Os Papéis do Inglês, de Sérgio Graciano: As Paisagens Propícias

Rafael FonsecaNovembro 4, 2024

Os Papéis do Inglês é um marco de significativa importância na actualidade do cinema português: comecemos assim. É-o em dois vectores distintos, simétricos: trata-se do primeiro filme de Sérgio Graciano produzido por Paulo Branco, condição que reveste esta longa-metragem, doze anos passados desde a sua primeira (Assim Assim, 2012), de uma propriedade nova e de uma aura inédita, estreante, uma configuração com valências múltiplas que foram certamente experienciadas em pré-produção e na rodagem, outras a acontecer neste momento – depois de estrear em Portugal no passado dia 24 de Outubro, o filme teve a sua estreia internacional em Tóquio cinco dias depois, com uma segunda passagem na capital japonesa este dia 1 de Novembro.

O segundo vector é o outro lado do primeiro: trata-se da mais recente produção de Paulo Branco fundada na necessidade de fazer certos filmes que ainda tem por fazer, num paradigma pós-Oliveira, pós-Raúl Ruiz, situado após um “desaparecimento desses monstros”, como explica a Vasco Câmara numa entrevista que é essencial para compreender o contexto que faz surgir Os Papéis do Inglês, um paradigma actual onde há também diferenças nas liberdades – diminuíram – que regem os adventos de uma produção, diferenças no ‘meio’ do cinema português, diferenças na forma como as coisas se fazem. Paulo Branco adaptou-se, e começou com A Herdade (Tiago Guedes, 2019) o projecto de um novo cinema de produtor: a busca, o encontro e a criação de condições com os cineastas certos para realizarem os filmes que ainda quer que existam no cinema. Este projecto continuou com A Sibila (Eduardo Brito, 2022) e O Pior Homem de Londres (Rodrigo Areias, 2024): prossegue agora com este filme de Sérgio Graciano, uma espécie de promessa, dívida, homenagem de Paulo Branco ao autor, cineasta e antropólogo Ruy Duarte de Carvalho.

Este projecto de Paulo Branco é único: para ele, a sua implicação nos filmes que produz é total, configura “uma ligação praticamente eterna ao filme” (Entrevista a À Pala de Walsh, 2020). Não existe no cinema português figura parecida.

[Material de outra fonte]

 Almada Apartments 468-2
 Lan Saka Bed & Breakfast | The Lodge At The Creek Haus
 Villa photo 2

A importância deste projecto é também colossal: Branco é responsável por ter dado criação a muitos dos mais magníficos filmes da história portuguesa (Francisca, Silvestre, Agosto, Cinco Dias, Cinco Noites, 98 Octanas, mas são praticamente todos) e mundial (podemos elencar recentemente Cosmos, Cosmopolis, Mistérios de Lisboa, incidentalmente três propostas suas aos respectivos realizadores, para adaptações de Gombrowicz, DeLillo e Camilo, e três obras-primas) – e esta importância não se esgota quando o DCP, quando o filme está entregue. Através dos seus cinemas tem mostrado estes e outros filmes continuamente ao longo das últimas décadas, criando uma ininterrupção ímpar na revisitação, criação e regeneração de público. Novos estudantes chegam a Lisboa e têm as suas vidas alteradas com estas obras no Nimas – isto não é um exagero: aconteceu a mim e a outros. Dado este revestimento, todas as produções de Paulo Branco são de uma importância crucial, se não até crescentemente crucial; dado este revestimento, a colaboração com Sérgio Graciano resulta no filme mais importante deste realizador até à data.

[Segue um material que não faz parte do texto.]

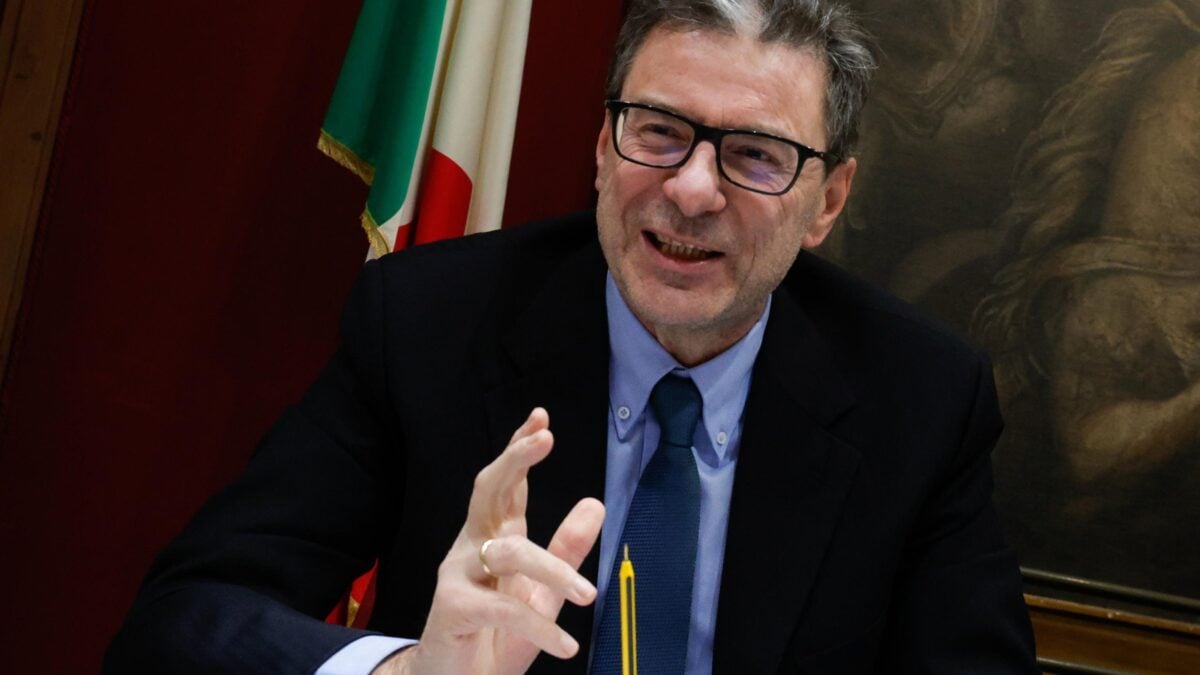 Goldman, la banca che piace ai dem: «Bene la Meloni, comprate i Btp»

E este é um filme de Sérgio Graciano, não haja dúvidas. Foi Graciano que esteve no Namibe – Paulo Branco não esteve presente na rodagem. A Vasco Câmara explica: “Senti a necessidade de não ir lá. A minha presença podia ser nociva. Ele tinha de construir o filme dele.” Graciano, um dos ou o nosso mais assíduo working director (realiza dois, três projectos por ano, entre filmes e séries de ficção) esteve no passado também em Angola durante cerca de dois anos, a trabalhar. Realizou novelas (Jikulumessu, Windeck), e uma longa-metragem (Njinga, Rainha de Angola, 2013) – conhece bem o país. Juntou-se também José Eduardo Agualusa, escritor e jornalista angolano, para o argumento, e foi-se preparando esta adaptação livre que Paulo Branco pretendia não de um único livro de Ruy Duarte de Carvalho mas de uma trilogia e mais além, de uma poética, de ficções, alter-egos e de memórias.

Miguel Borges (Kaluter) e João Pedro Vaz (Ruy Duarte de Carvalho)

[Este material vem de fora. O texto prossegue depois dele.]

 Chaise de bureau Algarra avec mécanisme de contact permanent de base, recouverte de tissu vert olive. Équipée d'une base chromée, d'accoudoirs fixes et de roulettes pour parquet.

A minha curiosidade era significativa, debruçada sobre circunstâncias pouco comuns. Este tratava-se efectivamente – sob lei de facto – do novo filme de um realizador estabelecido. É certo, não estabelecido no sentido daquilo a que podemos chamar –  para passar a expressão e chegarmos a partes do texto mais interessantes – uma “aclamação crítica”, ou uma pertença a um “cânone” cultural contemporâneo, como se diria de um Gomes ou Canijo, mas estabelecido em grande experiência de indústria e prática artística – e era precisamente este posicionamento que fervilhava em matéria de excitação perante esta obra: Sérgio Graciano, se o filme fosse bom, habilitava-se aqui a uma pequena reconfiguração no seu projecto de autor, um acrescento; produzido por Paulo Branco, este filme faria automaticamente parte de um campeonato diferente, incorporaria automaticamente uma nova textura.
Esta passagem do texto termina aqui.